*** Opening of Dataset content ***

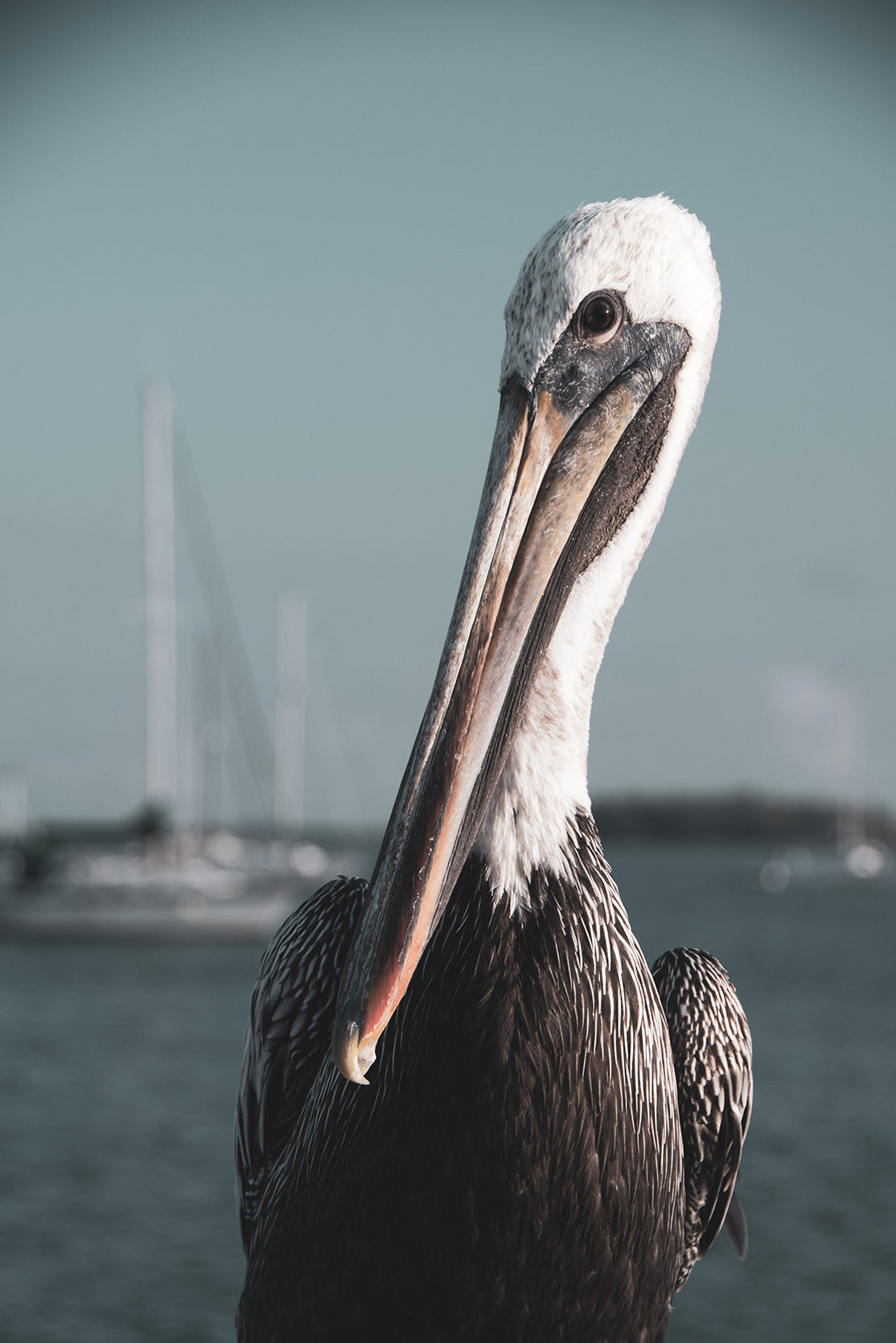 Bob The Pelican 3 Colorized Wildlife Photograph Fine Art Canvas & Unframed Wall Art Prints - PIPAFINEART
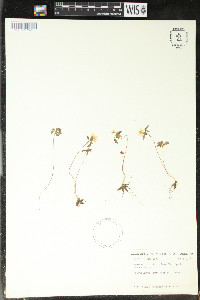 Anemonella thalictroides image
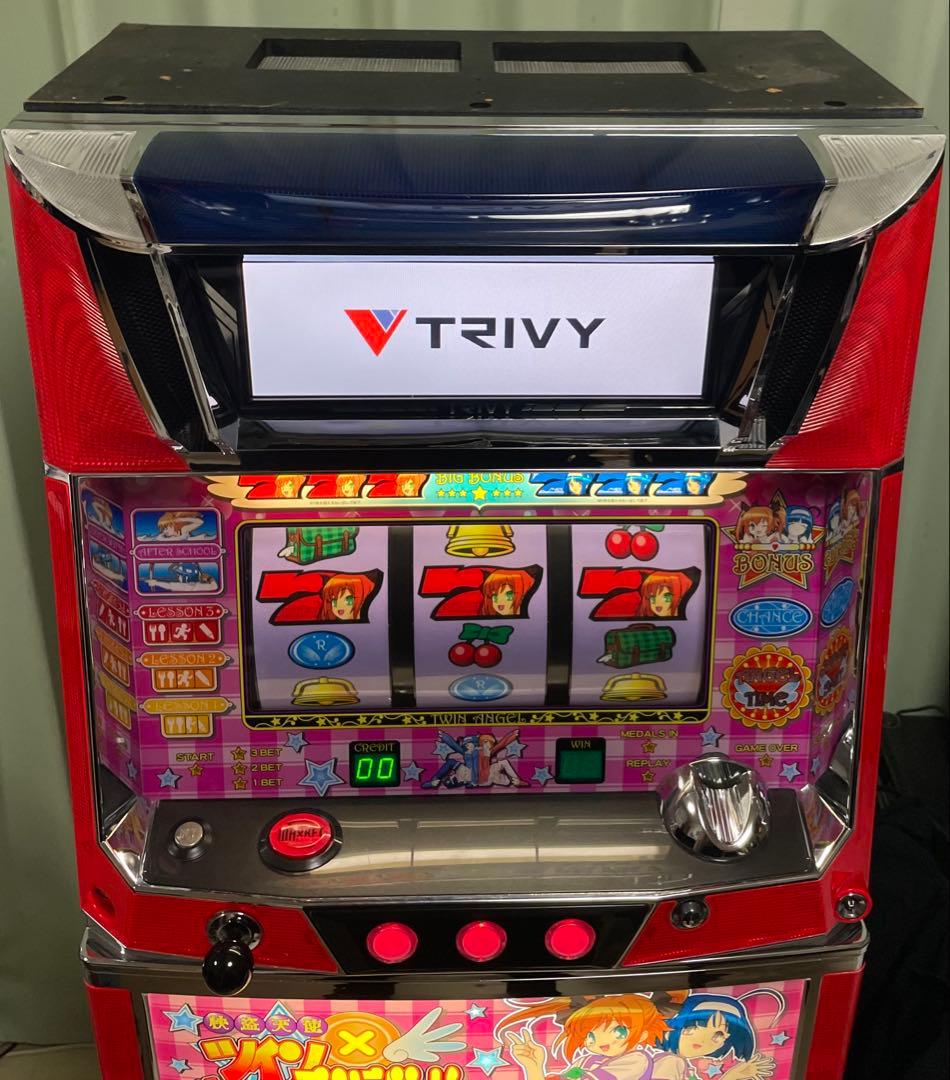 たのメル便　ツインエンジェル初代 実機 不要機 無段階ボリュームつき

*** Close of Dataset content ***

Task brief »
Nothing but an exact transcription of the material, without pictures, should be returned.

Answer to the exercise »
 Bob The Pelican 3 Colorized Wildlife Photograph Fine Art Canvas & Unframed Wall Art Prints - PIPAFINEART
 Anemonella thalictroides image
 たのメル便　ツインエンジェル初代 実機 不要機 無段階ボリュームつき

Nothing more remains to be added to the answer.